*GIVEN MATERIAL*:
....................
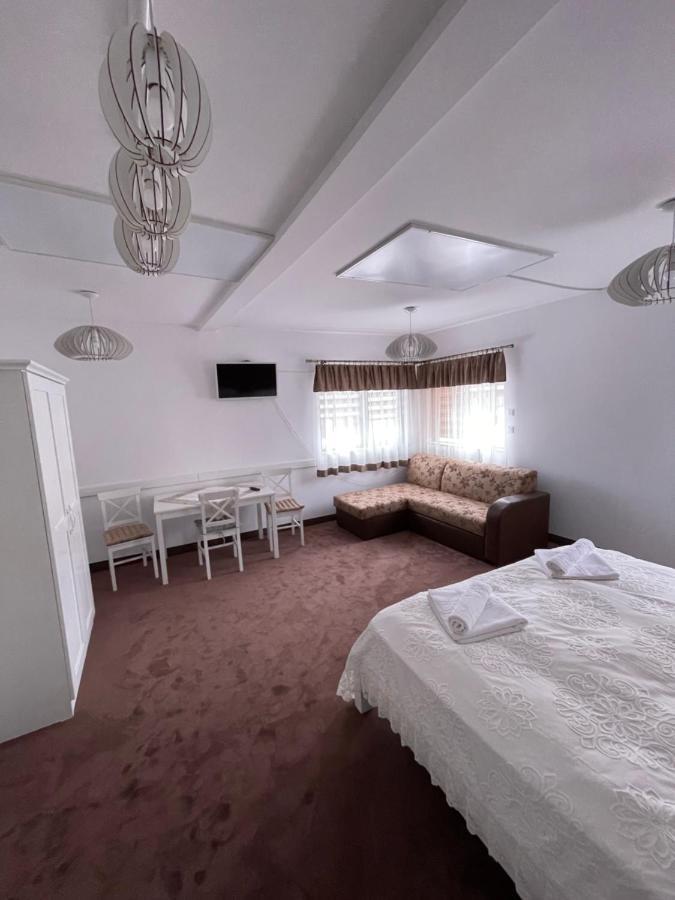 Apartelim Manastirea Humorului Luaran gambar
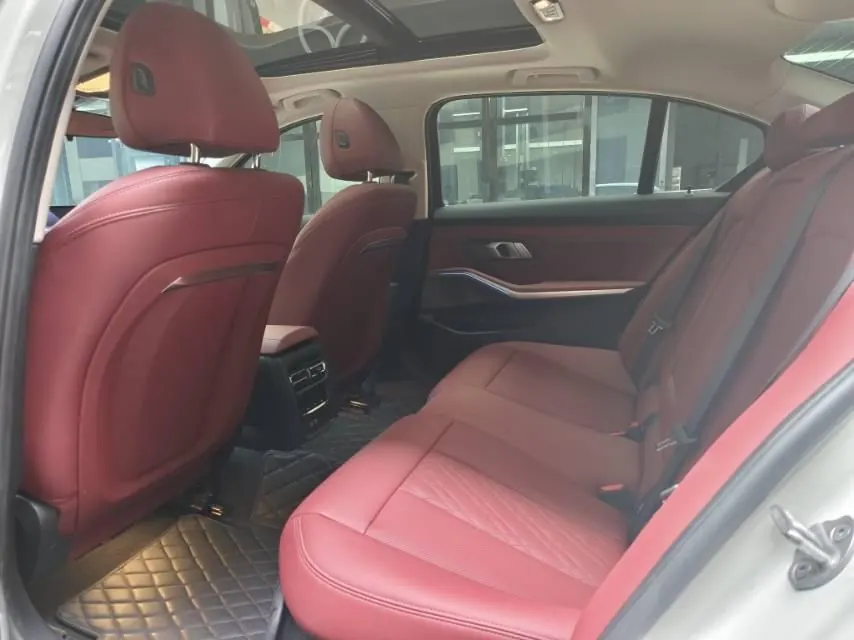 BMW 2024 i3 eDrive 35 L automatic gear 6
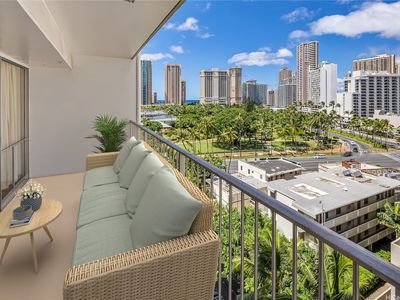 419 Keoniana St APT 1004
....................
*TASK DIRECTIONS*: Output the data above exactly; pictures do not belong in the copy.

*ANSWER TO THE EXERCISE*:
 Apartelim Manastirea Humorului Luaran gambar
 BMW 2024 i3 eDrive 35 L automatic gear 6
 419 Keoniana St APT 1004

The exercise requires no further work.